Puzzling Over Kelly Macdonald in Puzzle: Not Slamming the Door

I admit I have a favorite jigsaw puzzle, saved from my children’s growing-up years. It has 300 extra-large pieces and features lots of friendly Disney characters. It’s just complicated enough to give me a mental workout, but just simple enough to keep me from turning into a nervous wreck.
It can be done in an hour or so, but I wouldn’t dream of timing myself. That would spoil the fun.

I just saw a new film, though, in which jigsaw puzzling provides a lifeline for a repressed woman who badly needs something new in her life. Puzzle, a small indie made by Hollywood veterans, provides Scottish actress Kelly Macdonald (I’ll never forget her film debut in Trainspotting!) with a quiet but complex role that makes great use of her appealing presence. In the film, she’s Agnes, wife to a suburban mechanic, mother to two grown sons, baker of birthday cakes (even for herself), and a pillar of the local Catholic church. Her husband adores her in her happy homemaker role, and is quick to tell the world how “cute” she is. We sense, though, that something is missing. She’s so used to being agreeable that her own opinions are never voiced.

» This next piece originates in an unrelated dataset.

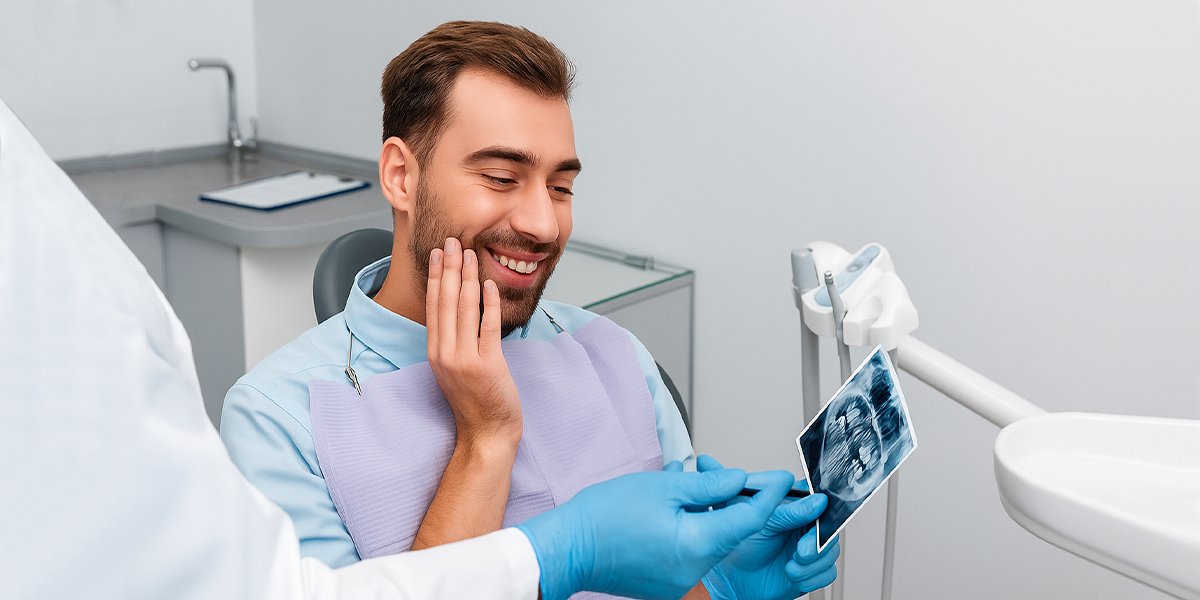 A man sitting in a dental chair looking at an X-ray image of his teeth.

Her unlikely evolution begins when she tears open a plastic bag containing the 5000 pieces of a brand-new jigsaw puzzle, someone’s casual birthday gift. Agnes discovers in herself a talent for pattern, color, and shape that allows her to quickly solve the puzzle – and feel a sense of personal accomplishment she’s previously never known. Then, on a stealthy trip into New York City to visit a puzzle store, she finds herself drawn into the world of competitive puzzling (who knew there was such a thing?) and her life is changed forever. Her unexpected new puzzle partner is veteran Indian actor Irrfan Khan, playing a man who’s everything she’s not: wealthy, educated, cynical, and from a faraway land.  His long list of time-tested puzzling strategies immediately clashes against her own much more intuitive approach. But as they hold practice sessions for the big competition she’s still keeping secret from her family, their relationship blossoms in unexpected ways.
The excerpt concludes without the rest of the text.